While the current owners of the Shahn house have recently addressed some interior repairs and installed a new roof, PNJ urges the owners to provide the attention it needs and deserves, and a fresh look at the designers may help demonstrate why.
The more noted of the two original designers is Kahn. Recognized as one of the most influential architects of the second half of the 20th century throughout the world, the Philadelphia-based architect was recognized for combining modernism with ancient grandeur. His ground breaking design is the Trenton Bathhouse created for the Trenton Jewish Community Center, now part of Ewing Senior and Community Center on Lower Ferry Road.
Yet Kastner deserves a fresh look.
Born in Germany in 1900, he studied at the State University in Hamburg, and worked in Austria, Germany, and Holland before coming to the United States in 1924 where he worked as a draftsman for several active New York architecture companies, including designer Joseph Urban, a pioneer in Art Deco design.

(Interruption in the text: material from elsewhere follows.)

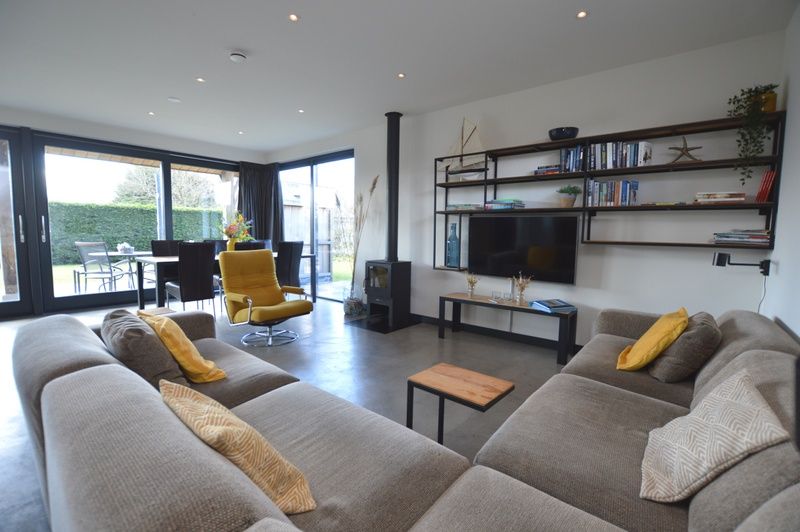 Lichte woonkamer met grote ramen in vakantiehuis 't Hoogelandt 98 - Zeelust, De Dennen, Texel.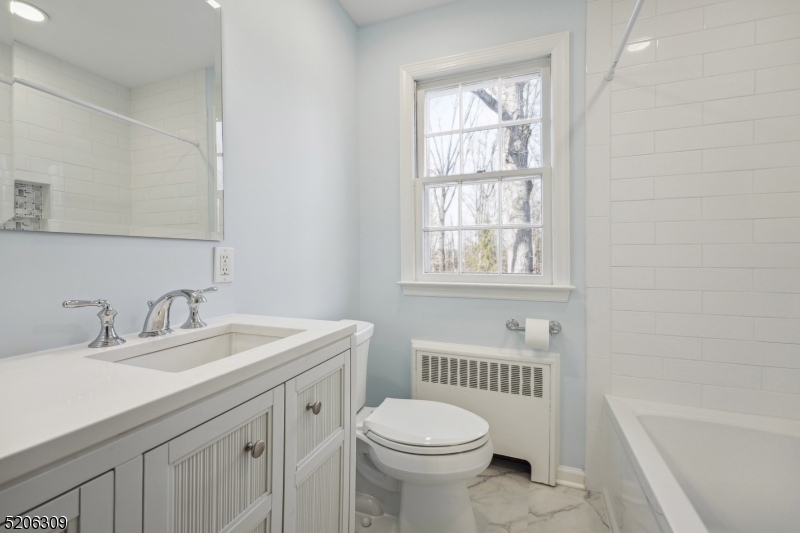 37 Evergreen Road Summit, NJ 07901 - Photo 11 of 28 a bathroom with a sink a toilet and bathtub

Kastner established his own reputation with a series of international successes — winning designs for the Ukrainian National Theater in Kharkov, 1929, and the Palace of the Soviets, Moscow, 1930, with partner Oscar Stonorov.
In 1934 Kastner and Stonorov designed Philadelphia’s Carl Mackley Houses, called the first limited, divided, self-supporting housing project financed by the Public Works Administration.
Rather than create a tenement building, the architects used the new international style to create buildings with open space and communal areas, including a swimming pool.
After establishing his reputation as a reliable public housing designer and planner, Kastner was hired to oversee America’s first fully integrated communities, New Jersey Homesteads.
In addition to overseeing the now historic site, Kastner made two important decisions. He tapped painter Ben Shahn to paint the now important mural in the town’s public school and hired the then-unknown Louis Kahn as his assistant.
The two Philadelphia-based architects shared a belief that architecture could be socially useful, had been influenced by the Bauhaus, and admired works of the architect Le Corbusier. That modernist architect had addressed housing problems in a Paris slum by creating Immeuble Villas — a modernist structure of blocks of stacked cell-like apartments.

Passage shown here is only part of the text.